C++ Logo

sg16

Advanced search

Re: [SG16] Agenda for the 2021-12-01 SG16 telecon

From: Jens Maurer <Jens.Maurer_at_[hidden]>
Date: Fri, 3 Dec 2021 23:48:21 +0100
On 03/12/2021 22.58, Hubert Tong wrote:
> On Fri, Dec 3, 2021 at 4:55 PM Jens Maurer via SG16 <sg16_at_[hidden] <mailto:sg16_at_[hidden]>> wrote:
>
> On 03/12/2021 22.03, Tom Honermann wrote:
> > On 12/1/21 2:28 PM, Corentin Jabot wrote:
>
> >> I think Jens is right. MSVC does handle Shift-JIS specifically but I'm not sure we can/should mandate something that work universally, the burden on implementation could be high)
> >
> > Are you suggesting that we should revisit the consensus for the proposed resolution for LWG3576 <https://cplusplus.github.io/LWG/issue3576 <https://cplusplus.github.io/LWG/issue3576>> from our 2021-08-25 telecon <https://github.com/sg16-unicode/sg16-meetings#august-25th-2021 <https://github.com/sg16-unicode/sg16-meetings#august-25th-2021>>?
>
> Reading https://cplusplus.github.io/LWG/issue3576 <https://cplusplus.github.io/LWG/issue3576>
> right now (I wasn't present in August, it seems),
> this says
>
> "any codepoint of the literal encoding other than { or }"
>
> This seems to be a category error: A literal encoding produces
> code units (see [lex.string]), not code points.
>
> One could certainly endeavor to reconstruct code points from
> code units, but it appears some encodings don't really have
> a code point space to start with.

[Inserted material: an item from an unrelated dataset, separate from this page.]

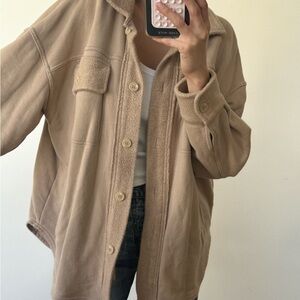 Oversized tan suede jacket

For example, wide-EBCDIC
> paired with some narrow EBCDIC shifts between the two, but
> it seems there is no single "code point" space that would
> contain values for characters from both sets.
>
>
> I believe the numeric value of a wchar_t would serve as the "code point" space in such a case.

Is there actually a wchar_t encoding corresponding to each (char-based)
shift-state encoding?

A Unicode counterexample:
If we use UTF-8 for char and UTF-16 for wchar_t, neither encoding directly
provides code point values.

Jens

Received on 2021-12-03 16:48:28